MATERIAL PROVIDED:
......
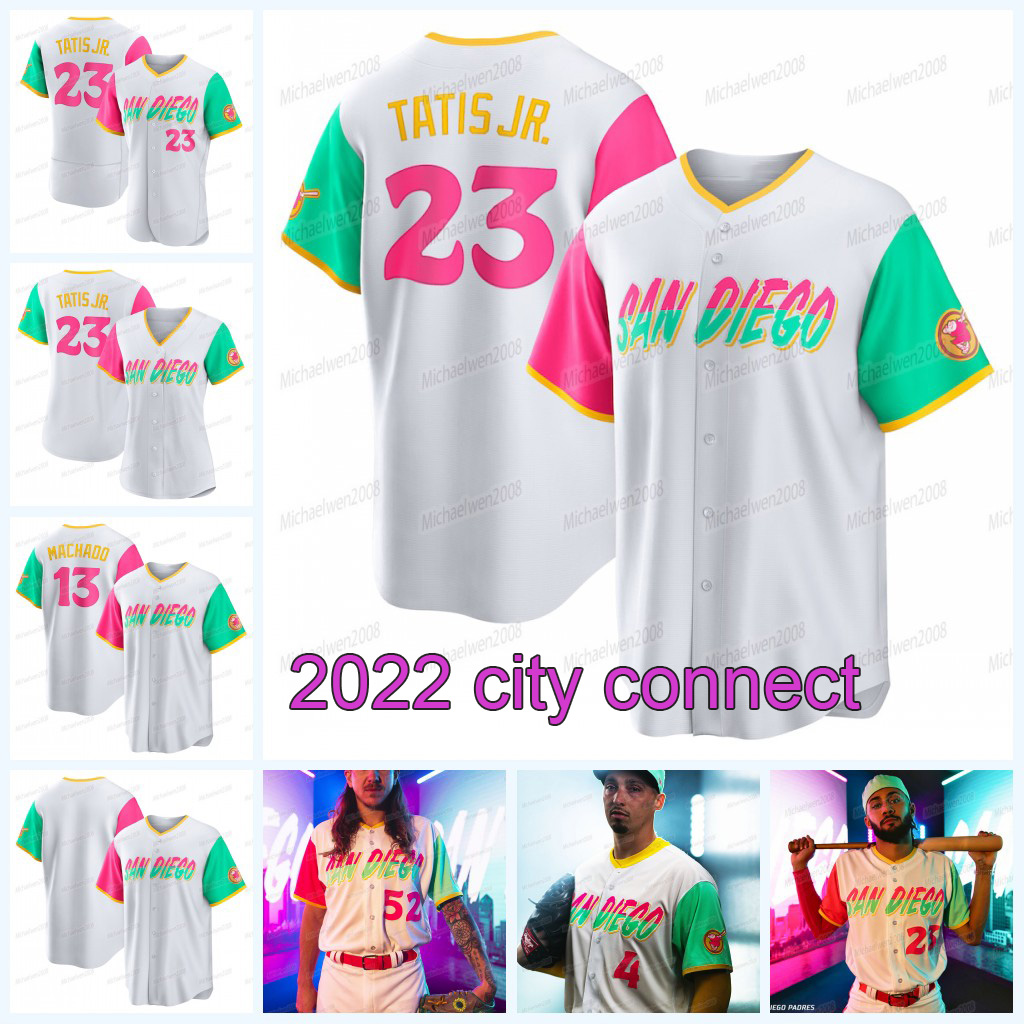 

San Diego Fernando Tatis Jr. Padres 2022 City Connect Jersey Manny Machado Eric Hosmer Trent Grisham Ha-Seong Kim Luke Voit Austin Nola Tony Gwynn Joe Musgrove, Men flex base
......
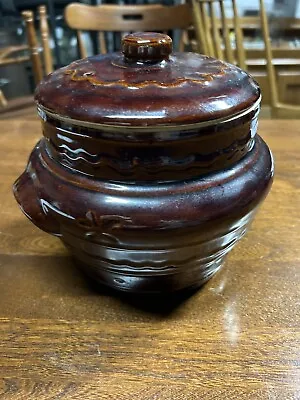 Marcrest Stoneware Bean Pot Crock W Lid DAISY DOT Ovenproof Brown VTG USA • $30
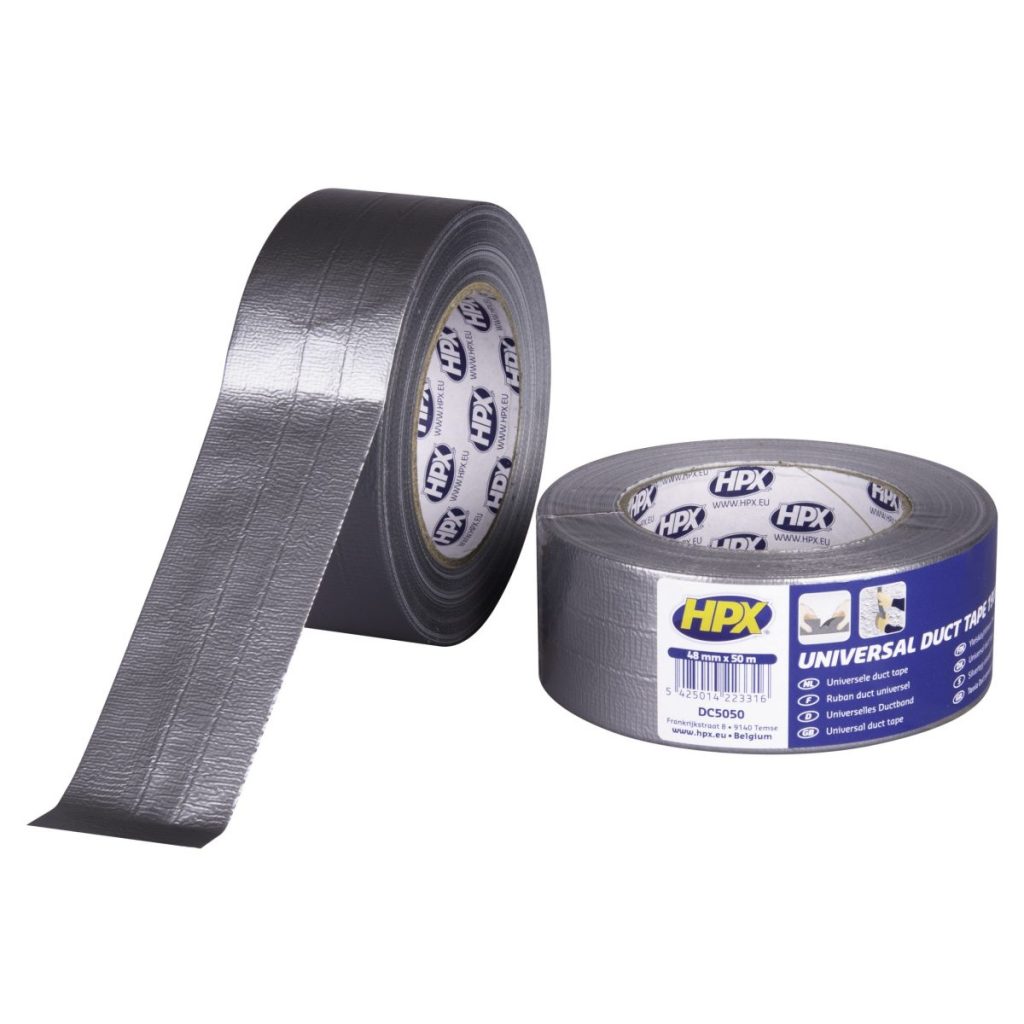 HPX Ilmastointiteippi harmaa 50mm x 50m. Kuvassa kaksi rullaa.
......
WHAT TO PRODUCE:
Going by the entries above, repeat exactly the lines that start at the line with "Marcrest Stoneware Bean" and go on through the line with "HPX Ilmastointiteippi harmaa". Pictures are not part of the copy.

YOUR SOLUTION:
 Marcrest Stoneware Bean Pot Crock W Lid DAISY DOT Ovenproof Brown VTG USA • $30
 HPX Ilmastointiteippi harmaa 50mm x 50m. Kuvassa kaksi rullaa.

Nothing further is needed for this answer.